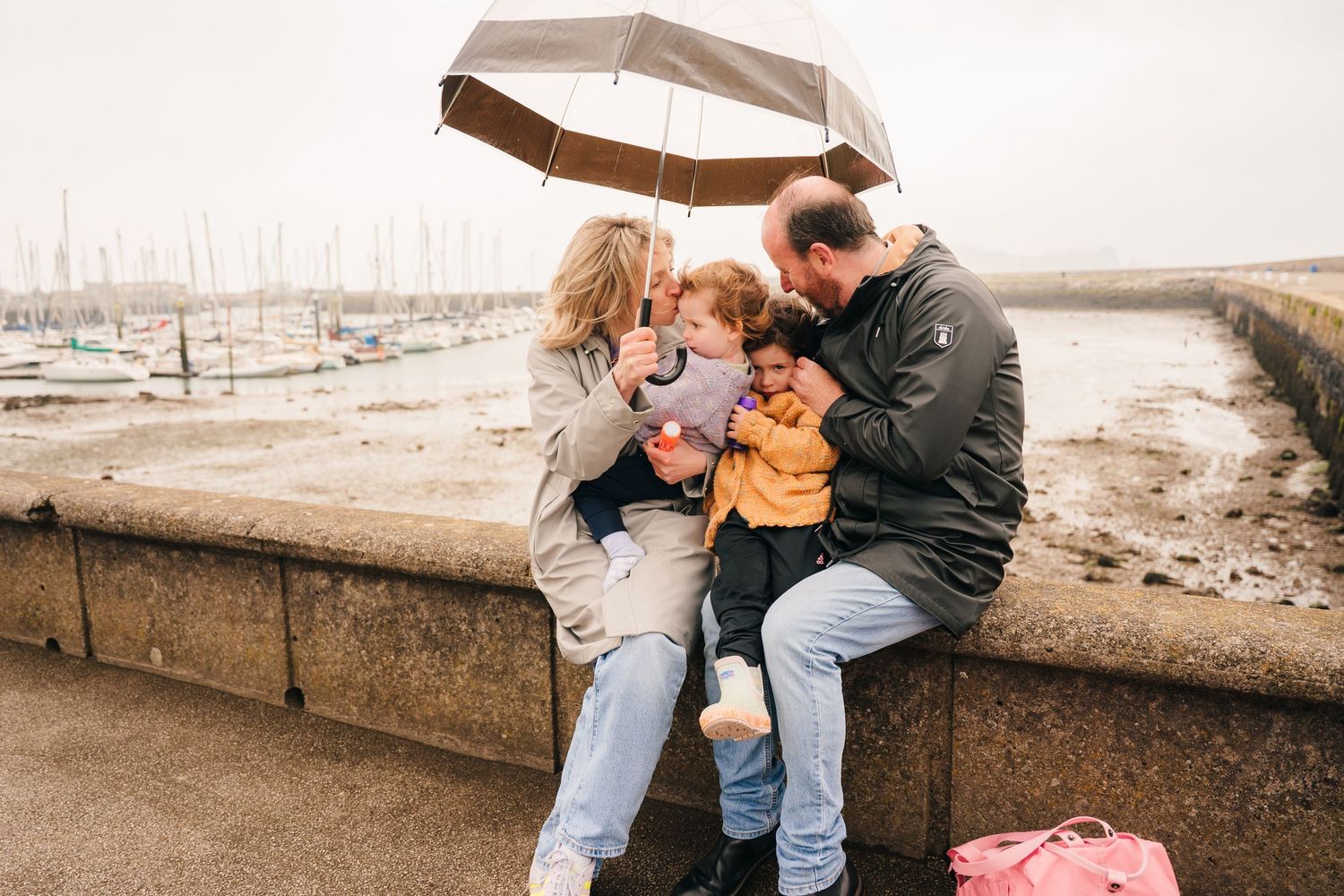 Family enjoying a casual moment together on stone steps by the waterfront. PHOTOGRAPHER Dublin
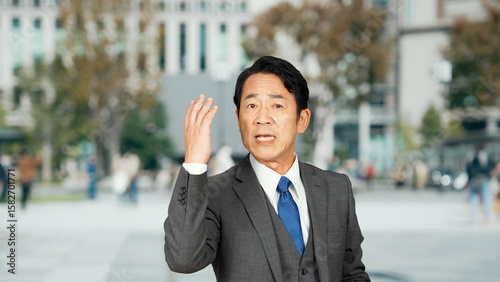 Photos Man giving a speech in the street, street speech, politician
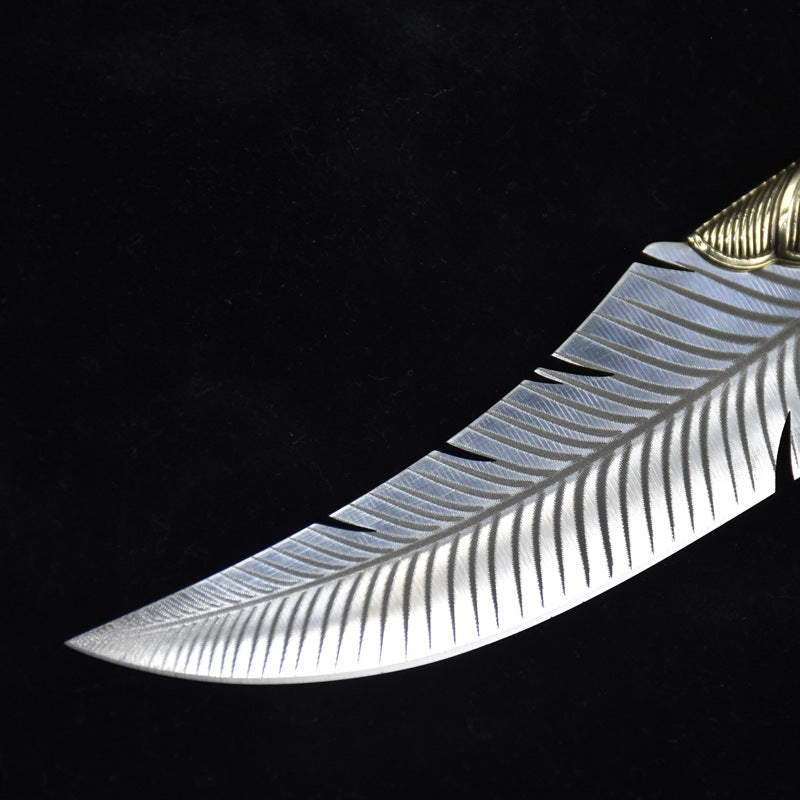 A close-up of an engraved fixed blade knife showing the intricate feather pattern and ridged brass bolster details against a dark background.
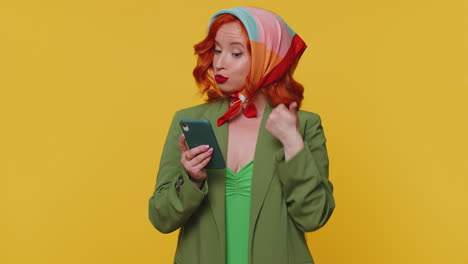 Redhead-girl-using-mobile-phone-typing-post-on-web-sms-message-browsing-addiction-of-social-networks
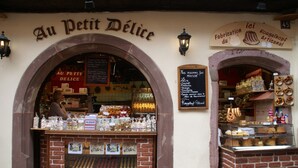 A bakery named 'Au Petit Délice' with a brick facade, a display case of baked goods, and a sign indicating 'Fabrication du Kougelhopf Artisanal.' - Apartment in Riquewihr With Terrace (Riquewihr)
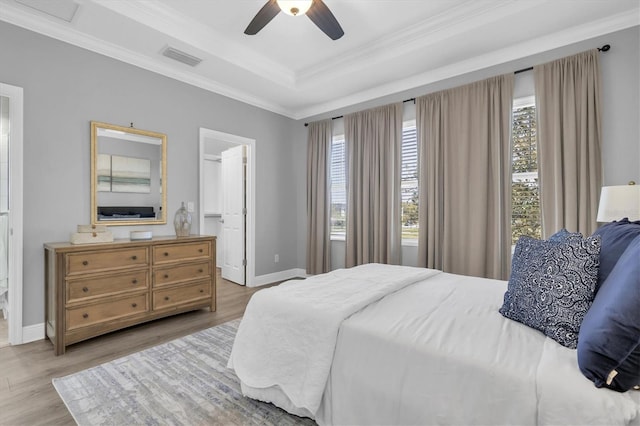 3465 Bumelia Ln, New Port Richey, FL 34655 - bedroom featuring visible vents, baseboards, ornamental molding, wood finished floors, and a tray ceiling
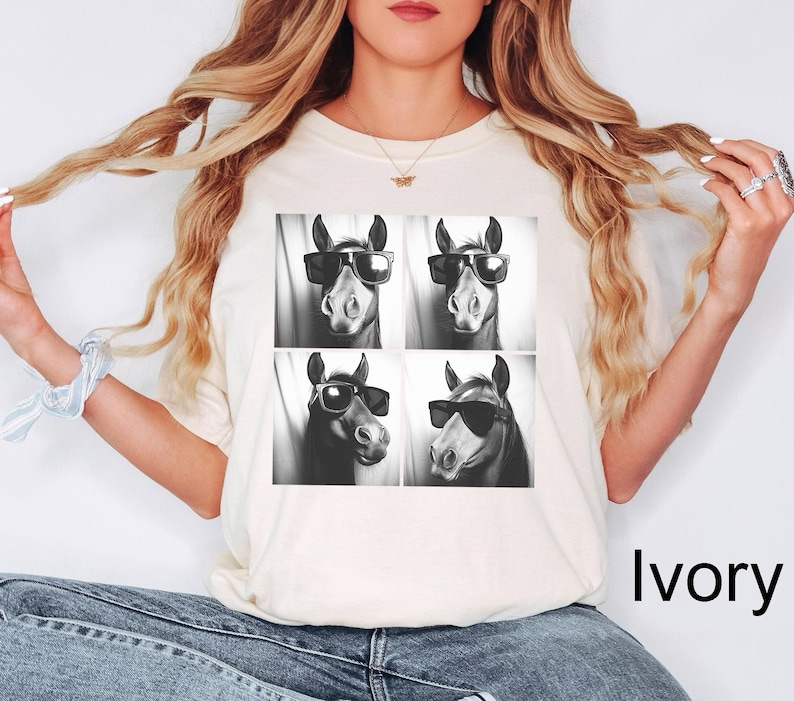 May include: A white t-shirt with a black and white image of four horses wearing sunglasses. The horses are arranged in a grid pattern. The text "Ivory" is visible in the bottom right corner of the image.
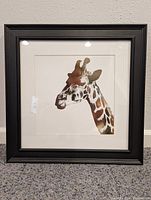 Full frontal view of the framed gold giraffe print artwork against a wall, showing the entire piece with black frame and white matting.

--------------------

_Problem requirements_
The data above should be repeated in full and exactly, with no pictures carried over.

_Answer box_
 Family enjoying a casual moment together on stone steps by the waterfront. PHOTOGRAPHER Dublin
 Photos Man giving a speech in the street, street speech, politician
 A close-up of an engraved fixed blade knife showing the intricate feather pattern and ridged brass bolster details against a dark background.
 Redhead-girl-using-mobile-phone-typing-post-on-web-sms-message-browsing-addiction-of-social-networks
 A bakery named 'Au Petit Délice' with a brick facade, a display case of baked goods, and a sign indicating 'Fabrication du Kougelhopf Artisanal.' - Apartment in Riquewihr With Terrace (Riquewihr)
 3465 Bumelia Ln, New Port Richey, FL 34655 - bedroom featuring visible vents, baseboards, ornamental molding, wood finished floors, and a tray ceiling
 May include: A white t-shirt with a black and white image of four horses wearing sunglasses. The horses are arranged in a grid pattern. The text "Ivory" is visible in the bottom right corner of the image.
 Full frontal view of the framed gold giraffe print artwork against a wall, showing the entire piece with black frame and white matting.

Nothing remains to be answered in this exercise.